Musées et mécènes explorent le potentiel des technologies
Guide interactif qui accompagne les visiteurs lors d’une exposition, lunettes 3D pour découvrir des œuvres sous toutes leurs coutures… Dans le cadre d’opérations de mécénat, institutions muséales et entreprises spécialisées dans les technologies testent de nouvelles façons d’approcher la culture.
Au Louvre Lens, la moitié des visiteurs déambulent équipés d’un guide multimédia qui leur est confié à titre gratuit. «C’est énorme», se réjouit Raphaël Wolff, directeur de la communication du musée. Fin mai, à Paris, il présentait ce dispositif lors des rencontres «patrimoine, numérique et mécénat», organisées par Clic France, Club innovation et culture, qui réunit des institutions culturelles sur les sujets du numérique, Admical, regroupement d’entreprises mécènes et la plateforme de crowdfunding, MyMajorCompagy. Plusieurs institutions culturelles et leurs mécènes, entreprises spécialisées dans les technologies de l’information, ont présenté des projets réalisés ensemble, et raconté la manière dont ils ont été conduits. Certains dispositifs numériques sont déployés sur place, pour améliorer la visite, d’autres visent à permettre un accès au patrimoine à distance. Au Louvre Lens, pour concevoir le projet, «l’avantage, c’est que le terrain était vierge», se souvient Raphaël Wolff : le guide numérique a été conçu en même temps que le musée voyait le jour. Cet outil a été conçu dans le cadre d’un partenariat avec Orange, qui apporte son expertise technologique au Louvre Lens depuis 2007. L’objectif, c’est bien d’«améliorer la visite», insiste Raphaël Wolff.

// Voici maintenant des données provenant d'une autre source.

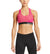 VaporActive Temper Racerback Medium Impact Sports Bra | Beetroot Purple Triangle Texture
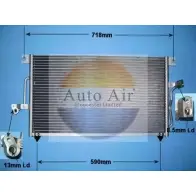 Радиатор кондиционера AUTO AIR GLOUCESTER R U9JF 16-1219 1231659957 L9E386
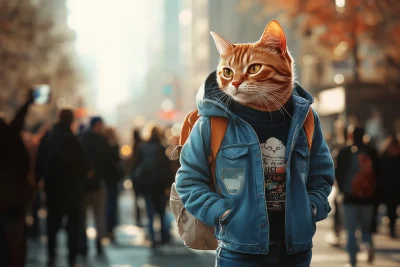 Red Cat in a Jacket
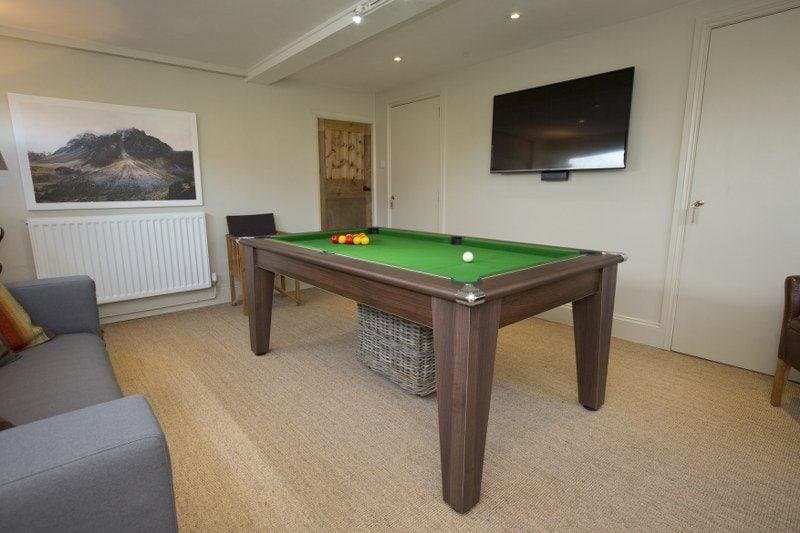 Seaside Lodge — living room, North Devon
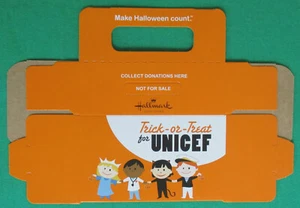 Halloween Trick or Treat Unicef Spendenbox Punze nie gefaltet brandneu - Bild 1 von 2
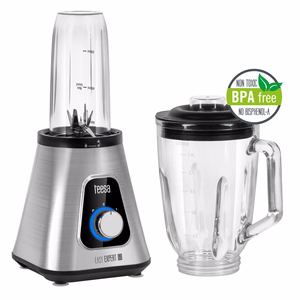 EASY EXPERT GO kannmikser, 1300 W, 1,5 l klaaskann ja 600 ml reisikruus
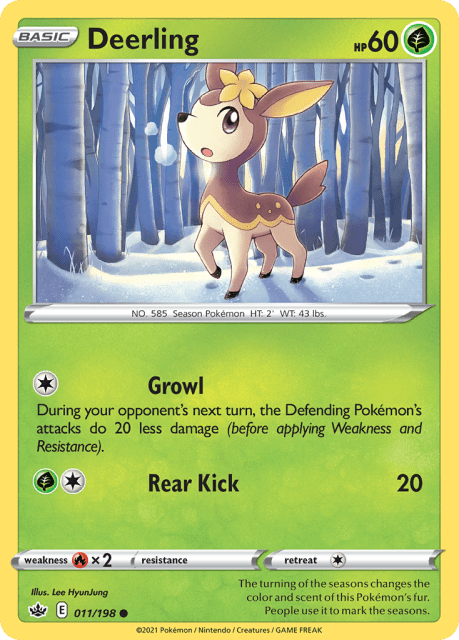 Deerling (Reverse Holofoil) (11) — Chilling Reign
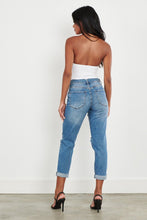 Load image into Gallery viewer, High Waisted Cuffed Boyfriend Jeans
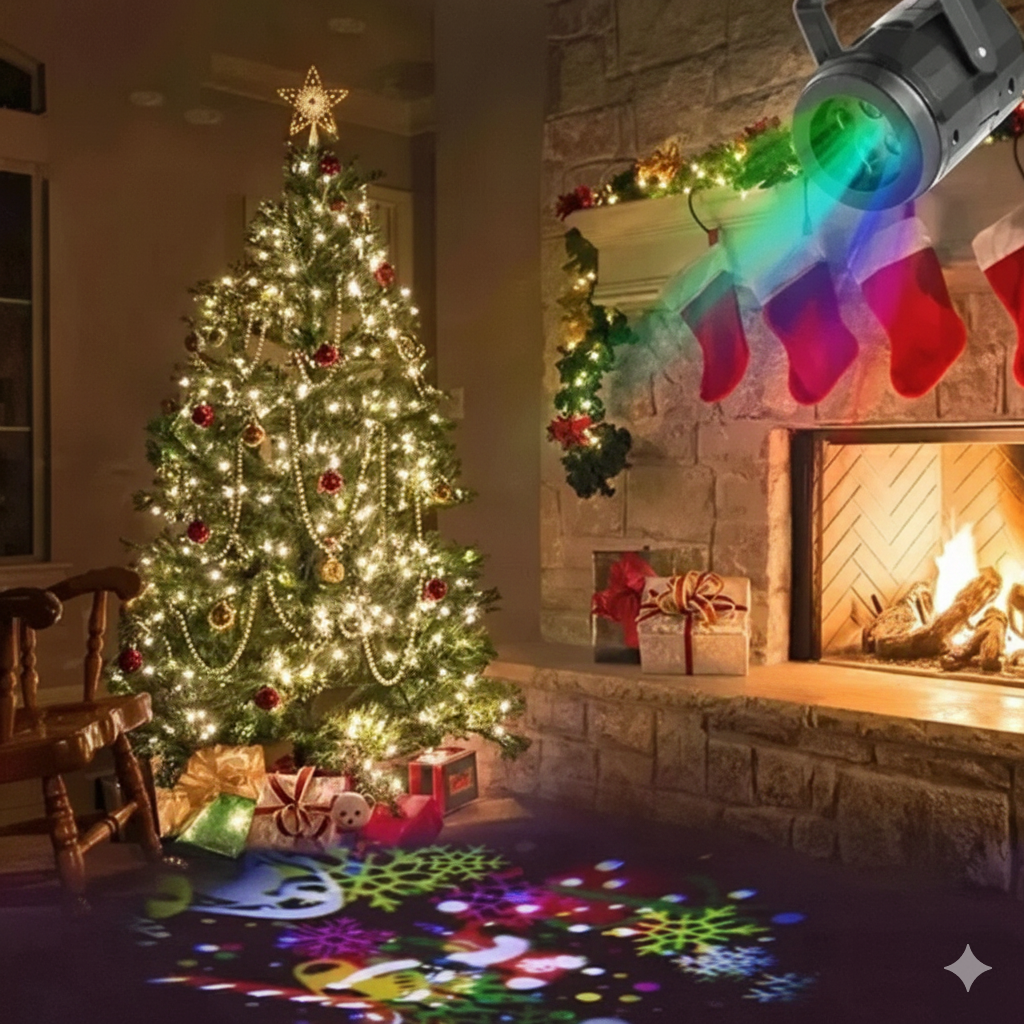 2 Proyectores de Luces Navideñas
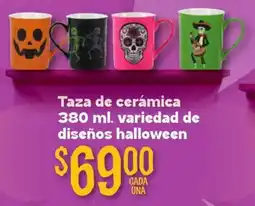 Soriana Mercado Taza de cerámica variedad de diseños halloween oferta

Des enjeux d’ancrage et d’innovation
Côté entreprise, les enjeux du mécénat se situent à de multiples niveaux. Tout d’abord, le mécénat «est lié à l’ancrage d’Orange dans cette région», explique Armelle Pasco, directrice des partenariats culturels et institutionnels chez Orange. L’opération est ainsi susceptible de toucher les salariés mêmes de l’entreprise et la population locale dans son ensemble. Par ailleurs, il y a aussi l’idée «de travailler sur le musée du 21e siècle, sur une nouvelle façon d’appréhender le rapport avec le public», ajoute Armelle Pasco, pour qui l’accord avec le Louvre Lens représente, en quelque sorte, «la Rolls du partenariat». Compétences des muséographes, des scientifiques, des ergonomes, des ingénieurs … se conjuguent dans un même projet. Actuellement, un groupe de travail explore le potentiel de la gestuelle en 3D, qui permet d’attraper des œuvres virtuelles et de les examiner sous tous les angles.
Lutèce en 3D
À Paris, la restauration de la crypte archéologique du parvis Notre-Dame a donné lieu à la mise en place d’un dispositif conçu avec Dassault Systèmes, inauguré en 2012. Concrètement, les ingénieurs de l’entreprise ont élaboré en 3D des bâtiments supposés être ceux de Lutèce. «Nous voulions rendre plus lisible ce que ce lieu avait été», commente Rose-Marie Mousseaux, à l’époque conservateur au musée Carnavalet et commissaire de l’exposition. Dans le projet, les équipes du musée ont fourni la documentation sur les vestiges dans Paris, et celles de Dassault, leur expertise sur la 3D. «Un échange de visibilité contre un apport scientifique», juge Rose-Marie Mousseaux. Le projet a été conclu en un an. «Les dispositifs 3D ne sont pas très interactifs, car il y a trop de visiteurs», précise-t-elle. Parmi les institutions qui ont déployé des dispositifs numériques à l’aide d’un mécène, figure également le château de Versailles. Comme au Louvre Lens, les visiteurs peuvent agrémenter leur visite de compléments numériques, notamment grâce à l’application gratuite qui accompagne la visite, avec des commentaires du sculpteur italien Giuseppe Penone, ou encore d’un guide numérique, lui aussi distribué gratuitement. Les outils multimédia peuvent également permettre des projets hors sol. Pour les scolaires, «on fait venir Versailles dans la classe», illustre Christine Albanel, ancienne ministre de la Culture, présidente déléguée de la Fondation Orange. Ainsi, plus d’une centaine de classes ont bénéficié d’une conférence filmée dans le château avec une Webcam, dans le cadre des projets pédagogiques de la fondation. Par ailleurs, le mécène prépare un projet de mise en ligne et partage de plusieurs dizaines de milliers d’heures de vidéo ou d’audio de conférences avec la RMN, la Réunion des musées nationaux. «Il s’agit de donner accès à tous ces savoirs. Nous préparons ces contenus qui seront disponibles sur une plateforme spécifique», précise Christine Albanel.